Natwest today said it will pledge £5bn of funding to support small and medium-sized businesses across the UK amid disruption caused by the coronavirus outbreak.
The bank, which recently rebranded from RBS, said the cash injection will mark an extension of its existing growth funding package, which is designed to help companies that have been impacted by the virus either directly or through supply chain issues.
The funding will be used to provide loan repayment holidays of up to six months, as well as temporary emergency loans with no fees.
The bank will also grant overdrafts of extensions of existing overdraft limits, as well credit limits of up to £500,000 to support cashflow.
In addition, Natwest said its team of relationship managers across the UK will speak to business customers to offer help and support as they form plans to mitigate the impact of coronavirus.
“The ongoing uncertainty that the UK’s small and medium sized businesses are experiencing is unprecedented even by recent standards,” said Natwest chief executive Alison Rose.
“While many of our customers are yet to feel the direct impacts of coronavirus, I want Natwest to have the right support in place, so we are there to help our SME customers when they need us most.”
Natwest said it was continuing to work with the government, British Business Bank and UK Finance to discuss support for small businesses.
Mike Cherry, national chairman of the Federation of Small Business, said there was “a lot to welcome” in Natwest’s package.
“Ideally, we’ll have banks vying to provide the most comprehensive support for small firms in distress.
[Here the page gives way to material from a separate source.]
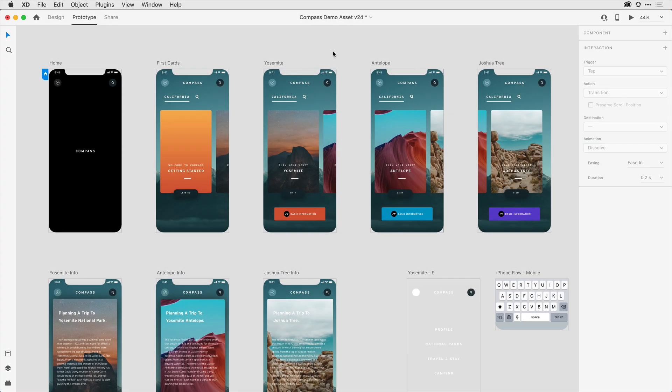As prototyping workflows continue to evolve, there are more and more ways to interact with your design — everything from touch, drag, and tap gestures, to keyboard shortcuts and voice recognition can not only be used, but combined to trigger a variety of interactions. To support this expanding functionality, we've made a number of improvements to the XD application. Let me show you just a few of them.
The proof will of course be in the response that small firms receive if they’re forced to ask a bank for help because of coronavirus-linked disruption,” he said.
Cherry warned that the sector had to avoid the “widespread mistreatment” of small firms in the wake of the 2008 financial crisis. “If the same mistakes are made again, trust in the banking sector could be lost forever,” he added.
Natwest beat expectations to post a £4.2bn profit last year, but issued cautious guidance for 2020 amid low interest rates and upcoming regulatory charges.
Under new chief executive Rose the bank has laid out plans to find £250m in savings this year, while its major rebrand marks efforts to distance the taxpayer-owned lender from the financial crisis.